La vida es un espejo que nos ayuda a evolucionar, pero los humanos hemos perdido de vista esto. Cuantas más frecuencias bajas recibimos, más las redistribuimos a nuestro alrededor, creando un círculo vicioso de regresión. Es hora de detener y revertir esta tendencia; cuando recibimos frecuencias bajas, es nuestro deber transmutarlas en vibraciones de alta frecuencia como el amor, la compasión, la aceptación, la bondad, el respeto, el apoyo mutuo, etc.
La vibración del nombre DallGaïa alude a nuestra conexión con la Madre Tierra, Gaia, nuestra relación diaria: Pachamama. Lo que le hacemos a ella, nos lo hacemos a nosotros mismos. Así que respetémosla como si fuera nuestra, amémosla tanto como merecemos ser amados, seamos amables con ella como lo somos con nosotros mismos, considerémosla como un templo, como el templo que es nuestro cuerpo dondeexperimentamos la materia.
La noción de posesión y control proviene de nuestro ego (intelecto versus esencia/alma). Aprendamos a ser conscientes de las intenciones y manifestaciones del ego, y así podremos sanar y crear un mundo benevolente, imbuido de amor, compasión, aceptación, respeto y ligereza.
Aún no es demasiado tarde para revertir la tendencia destructiva e involutiva causada por la programación, el adoctrinamiento, el ego y el dolor que caracterizan a los adultos de hoy. La salvación de la humanidad reside en la educación, en enseñar a las futuras generaciones, especialmente a los niños, a amarse y respetarse a sí mismos, y a ser fieles a sí mismos para transformar la conciencia colectiva actual, construida sobre los cimientos de la dualidad, la codicia, la envidia, la posesión, el miedo, la dominación y la división, en una conciencia colectiva de amor, aceptación, compasión, empoderamiento, respeto, apoyo mutuo y unidad.
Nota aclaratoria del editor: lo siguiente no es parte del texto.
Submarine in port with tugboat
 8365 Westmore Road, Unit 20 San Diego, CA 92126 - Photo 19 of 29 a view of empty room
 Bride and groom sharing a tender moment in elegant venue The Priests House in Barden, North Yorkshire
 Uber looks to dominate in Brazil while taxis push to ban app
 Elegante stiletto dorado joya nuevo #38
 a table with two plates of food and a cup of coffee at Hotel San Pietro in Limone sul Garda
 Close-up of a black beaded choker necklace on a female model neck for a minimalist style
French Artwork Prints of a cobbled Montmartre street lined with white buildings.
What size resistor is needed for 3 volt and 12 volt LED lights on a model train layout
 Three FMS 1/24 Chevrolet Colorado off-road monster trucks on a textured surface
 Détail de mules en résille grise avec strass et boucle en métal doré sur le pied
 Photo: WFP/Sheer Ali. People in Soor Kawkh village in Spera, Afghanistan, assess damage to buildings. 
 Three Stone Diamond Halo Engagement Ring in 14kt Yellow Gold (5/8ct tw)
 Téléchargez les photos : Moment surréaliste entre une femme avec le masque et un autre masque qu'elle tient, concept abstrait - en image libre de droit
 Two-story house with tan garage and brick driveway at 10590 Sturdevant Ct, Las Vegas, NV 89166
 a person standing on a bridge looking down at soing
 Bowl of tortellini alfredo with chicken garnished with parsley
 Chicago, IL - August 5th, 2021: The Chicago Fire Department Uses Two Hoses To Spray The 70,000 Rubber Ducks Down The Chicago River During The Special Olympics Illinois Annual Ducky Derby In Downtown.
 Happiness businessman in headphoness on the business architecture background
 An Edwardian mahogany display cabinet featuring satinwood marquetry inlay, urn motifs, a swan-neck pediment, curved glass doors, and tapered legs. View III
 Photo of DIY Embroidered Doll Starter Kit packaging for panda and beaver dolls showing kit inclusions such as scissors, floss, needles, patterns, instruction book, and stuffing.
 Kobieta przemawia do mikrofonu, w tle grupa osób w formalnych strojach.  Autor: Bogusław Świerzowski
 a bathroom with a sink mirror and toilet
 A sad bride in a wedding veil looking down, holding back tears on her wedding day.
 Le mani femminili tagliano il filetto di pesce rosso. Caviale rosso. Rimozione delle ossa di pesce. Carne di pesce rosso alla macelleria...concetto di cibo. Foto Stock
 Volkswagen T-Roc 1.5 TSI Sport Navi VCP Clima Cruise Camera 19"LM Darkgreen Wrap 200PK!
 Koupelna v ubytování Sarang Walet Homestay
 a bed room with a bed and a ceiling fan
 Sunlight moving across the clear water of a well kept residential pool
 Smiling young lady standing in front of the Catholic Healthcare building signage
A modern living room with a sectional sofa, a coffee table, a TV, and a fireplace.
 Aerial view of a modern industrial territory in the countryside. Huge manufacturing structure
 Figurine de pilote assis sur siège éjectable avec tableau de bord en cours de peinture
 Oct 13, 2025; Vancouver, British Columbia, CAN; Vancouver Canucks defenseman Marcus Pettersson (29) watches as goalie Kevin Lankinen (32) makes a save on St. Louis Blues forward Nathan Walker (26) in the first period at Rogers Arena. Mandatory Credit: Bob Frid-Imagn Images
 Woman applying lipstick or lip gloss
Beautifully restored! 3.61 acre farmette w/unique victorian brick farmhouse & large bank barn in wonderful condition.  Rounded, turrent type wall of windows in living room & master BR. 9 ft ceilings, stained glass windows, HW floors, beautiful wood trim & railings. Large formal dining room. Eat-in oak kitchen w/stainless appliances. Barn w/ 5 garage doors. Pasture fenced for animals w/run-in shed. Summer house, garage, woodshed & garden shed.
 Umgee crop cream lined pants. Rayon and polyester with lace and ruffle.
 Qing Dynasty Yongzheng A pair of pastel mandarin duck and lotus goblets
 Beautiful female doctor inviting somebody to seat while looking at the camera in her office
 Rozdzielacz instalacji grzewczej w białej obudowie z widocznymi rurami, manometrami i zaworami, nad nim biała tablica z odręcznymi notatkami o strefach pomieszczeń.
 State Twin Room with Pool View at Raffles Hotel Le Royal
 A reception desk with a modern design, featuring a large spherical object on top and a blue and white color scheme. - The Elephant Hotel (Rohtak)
Esta es la intención que transmite la creación de las diferentes ramas que conformarán el movimiento DallGaïa.
– Santuarios destinados a proteger la fauna y la flora de las actividades humanas, restringiendo el acceso a ellas únicamente para su contemplación.
– Los Centros de Enseñanza con el fin de formar a las futuras generaciones de acuerdo con su propia esencia.
– Los Centros de Cuidado tienen como objetivo desintoxicar (entre otras cosas: las redes sociales) y reprogramar a los seres humanos mediante técnicas de reprogramación neuronal, la reconexión con nuestro niño interior y las medicinas ancestrales.
– La editorial ofrecerá material y publicaciones puras e imparciales, sin control ni intención maliciosa.